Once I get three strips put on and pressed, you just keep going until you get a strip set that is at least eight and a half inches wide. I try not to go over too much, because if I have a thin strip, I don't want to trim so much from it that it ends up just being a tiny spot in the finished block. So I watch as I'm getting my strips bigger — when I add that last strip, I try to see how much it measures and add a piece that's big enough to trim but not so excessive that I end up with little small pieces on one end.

□ □ □

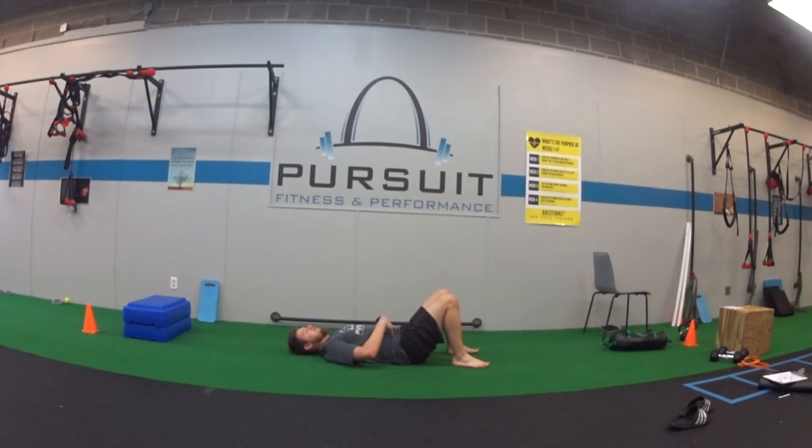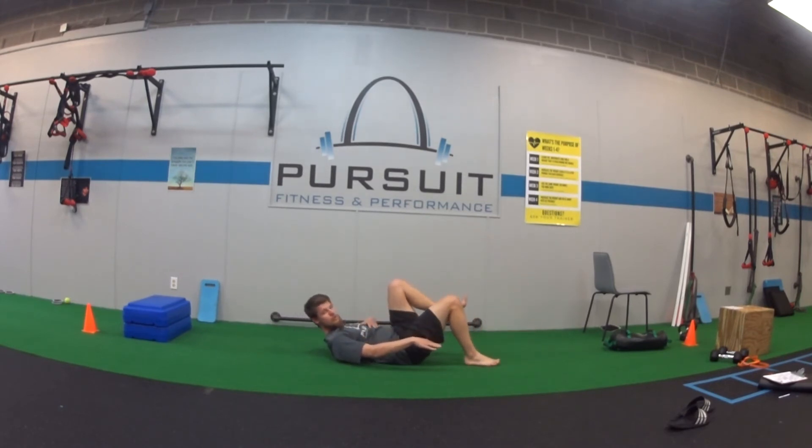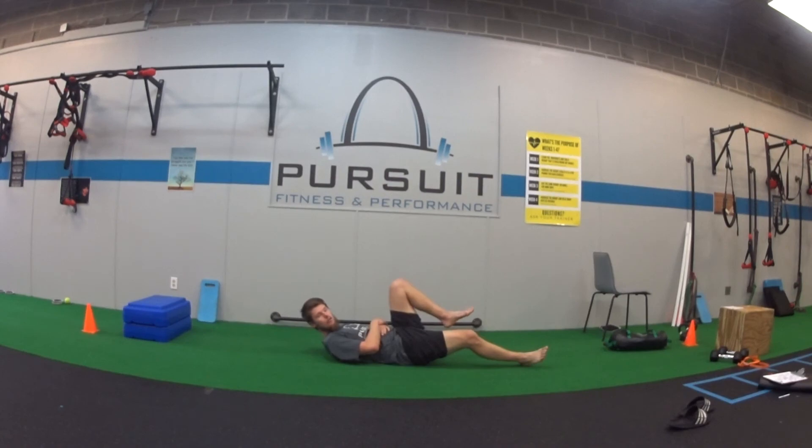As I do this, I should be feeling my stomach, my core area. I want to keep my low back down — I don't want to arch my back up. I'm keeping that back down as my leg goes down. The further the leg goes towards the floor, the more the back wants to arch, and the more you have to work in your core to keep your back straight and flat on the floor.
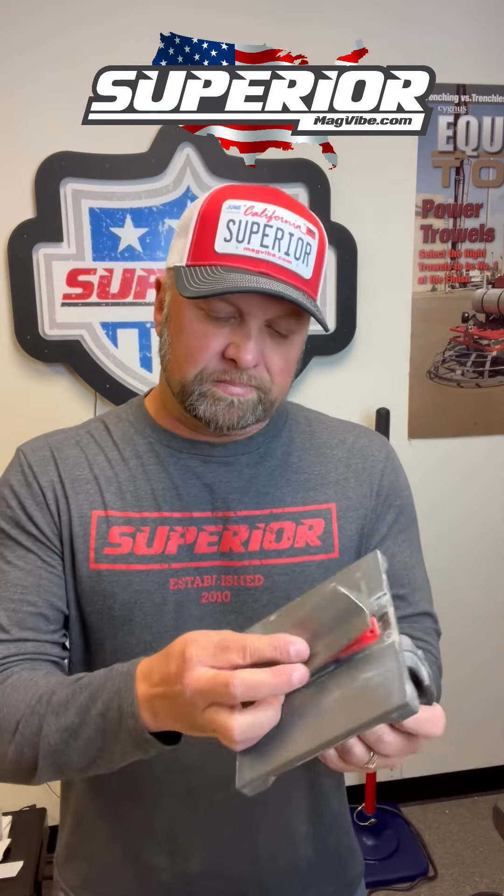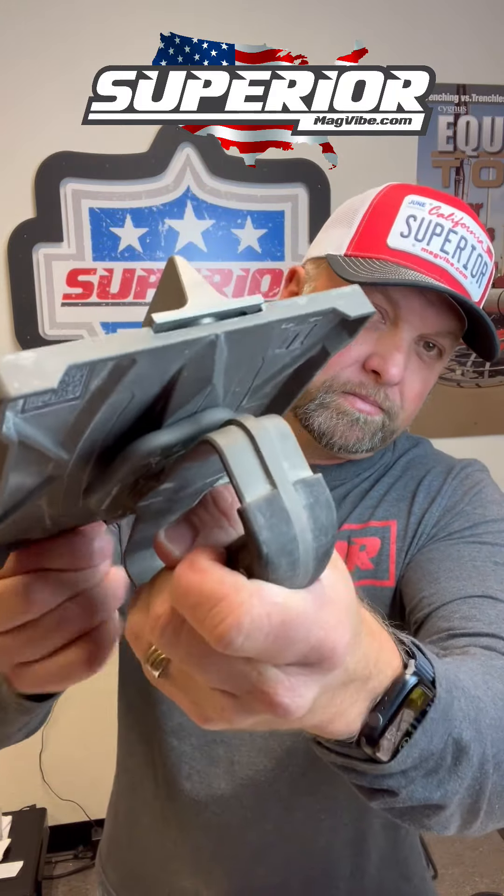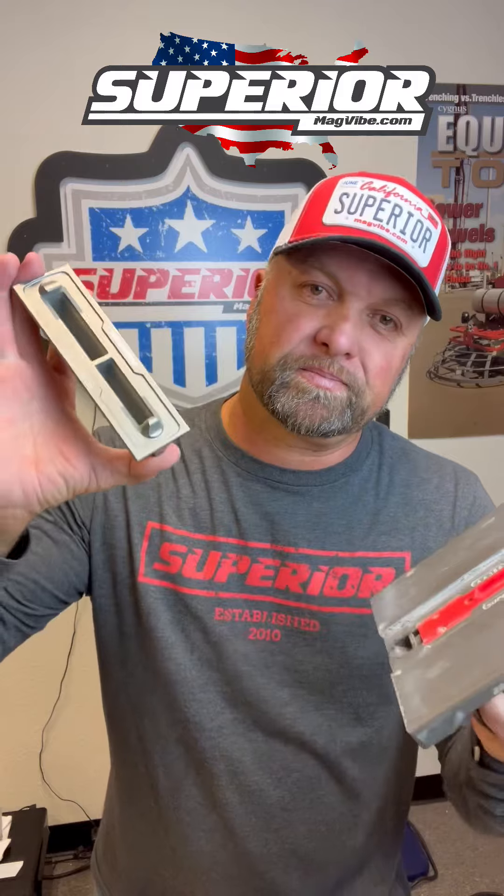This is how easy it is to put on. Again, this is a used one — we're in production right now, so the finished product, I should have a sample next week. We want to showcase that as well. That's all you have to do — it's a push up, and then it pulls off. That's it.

□ □ □

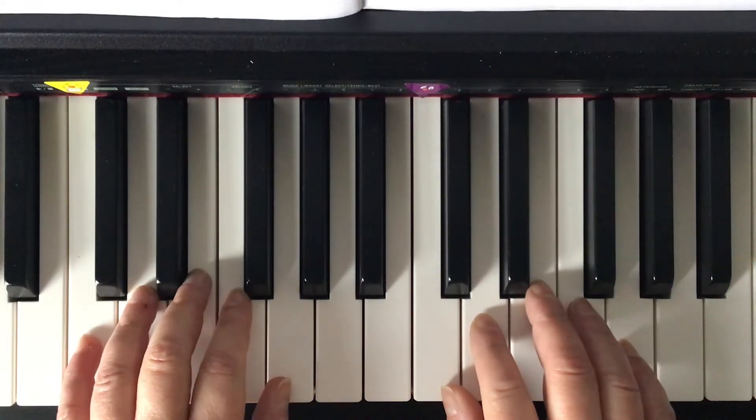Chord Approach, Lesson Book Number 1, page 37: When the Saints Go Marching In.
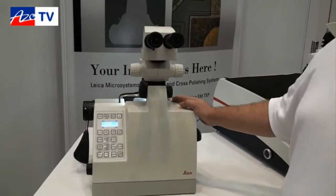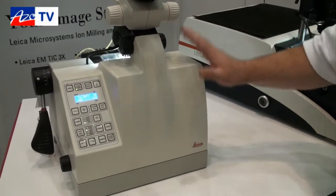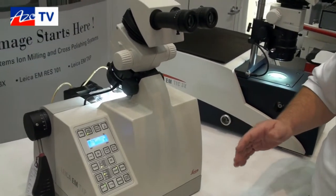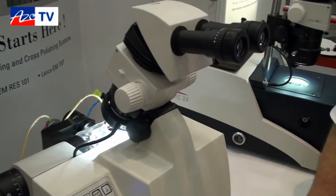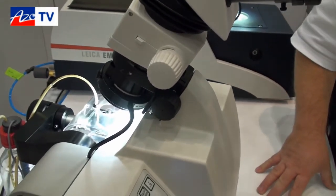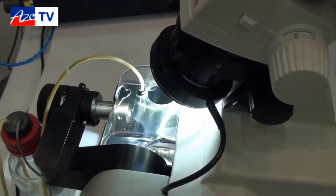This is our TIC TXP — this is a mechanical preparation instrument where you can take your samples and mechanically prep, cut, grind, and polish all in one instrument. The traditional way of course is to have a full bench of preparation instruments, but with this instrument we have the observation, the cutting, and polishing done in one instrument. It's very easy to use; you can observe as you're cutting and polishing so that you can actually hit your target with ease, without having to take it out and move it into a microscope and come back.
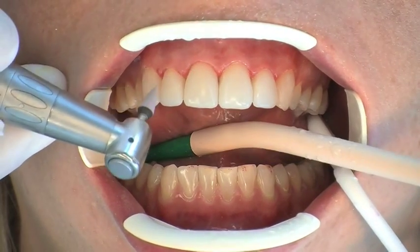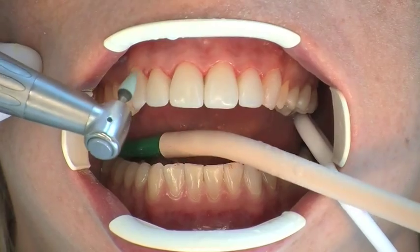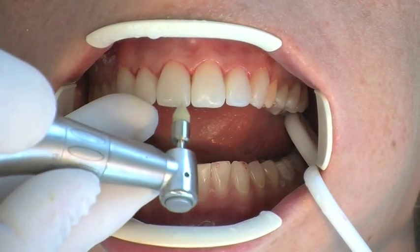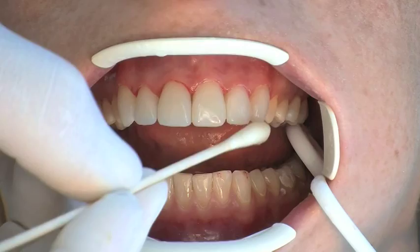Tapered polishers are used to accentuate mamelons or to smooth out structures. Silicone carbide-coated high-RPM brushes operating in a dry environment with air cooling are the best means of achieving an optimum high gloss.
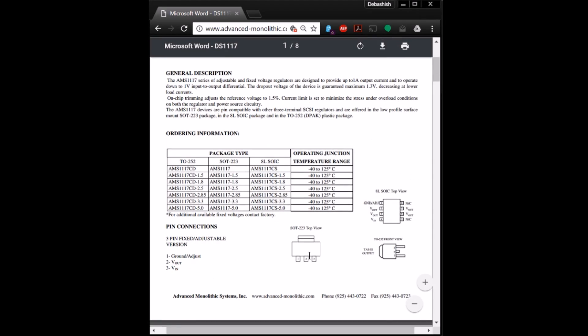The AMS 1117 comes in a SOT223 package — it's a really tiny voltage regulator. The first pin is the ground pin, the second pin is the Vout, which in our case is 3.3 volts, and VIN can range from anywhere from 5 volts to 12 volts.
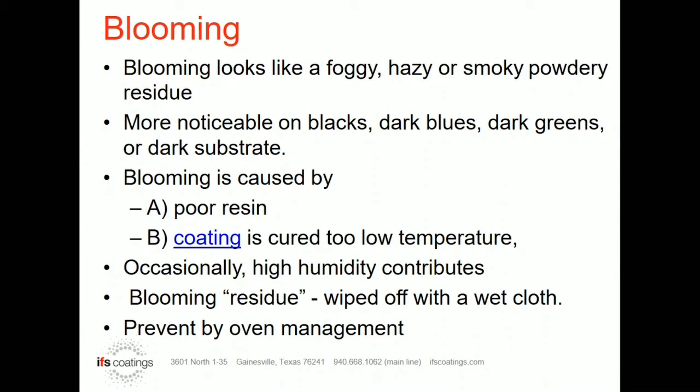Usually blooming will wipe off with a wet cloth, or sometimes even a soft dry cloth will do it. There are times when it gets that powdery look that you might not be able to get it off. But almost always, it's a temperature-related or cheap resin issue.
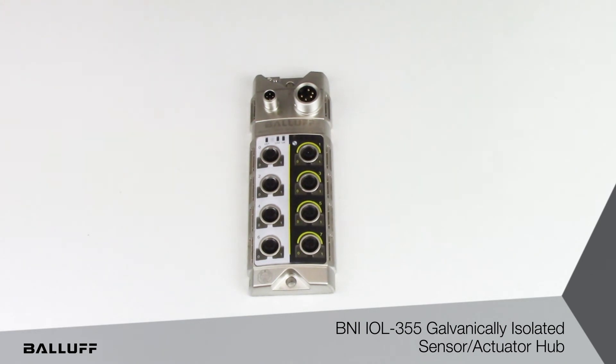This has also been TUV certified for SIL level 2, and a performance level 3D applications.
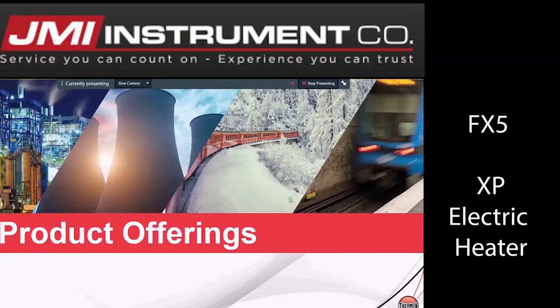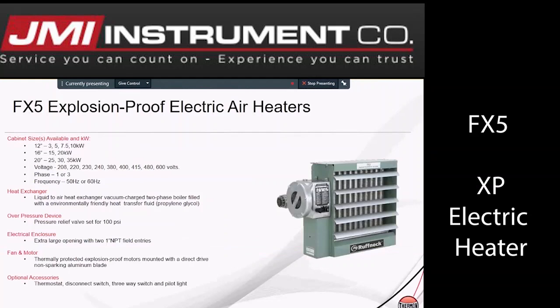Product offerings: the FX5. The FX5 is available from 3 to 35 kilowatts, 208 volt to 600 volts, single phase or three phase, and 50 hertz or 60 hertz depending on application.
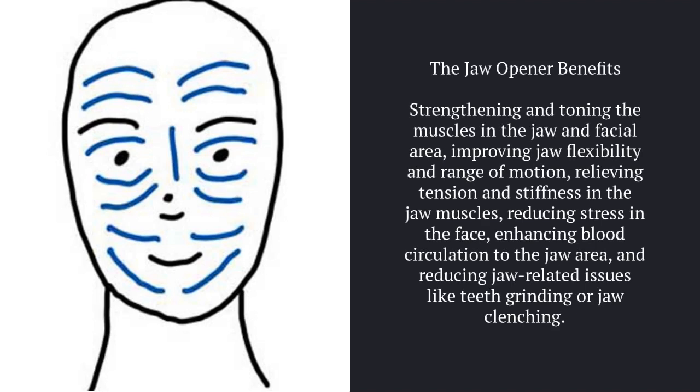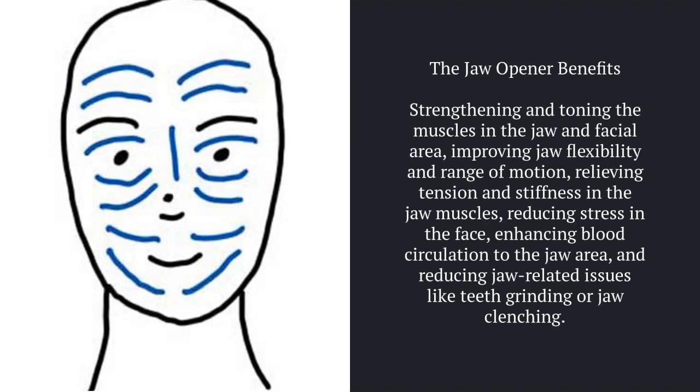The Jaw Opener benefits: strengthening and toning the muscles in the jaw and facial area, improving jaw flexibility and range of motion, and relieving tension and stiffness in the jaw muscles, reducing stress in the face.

□ □ □

• Prompt
Print, exactly, each line above from the one with "Usually blooming will" to the one with "The Jaw Opener", end lines included. Leave pictures out of it.

• Exercise output
Usually blooming will wipe off with a wet cloth, or sometimes even a soft dry cloth will do it. There are times when it gets that powdery look that you might not be able to get it off. But almost always, it's a temperature-related or cheap resin issue.
This has also been TUV certified for SIL level 2, and a performance level 3D applications.
Product offerings: the FX5. The FX5 is available from 3 to 35 kilowatts, 208 volt to 600 volts, single phase or three phase, and 50 hertz or 60 hertz depending on application.
The Jaw Opener benefits: strengthening and toning the muscles in the jaw and facial area, improving jaw flexibility and range of motion, and relieving tension and stiffness in the jaw muscles, reducing stress in the face.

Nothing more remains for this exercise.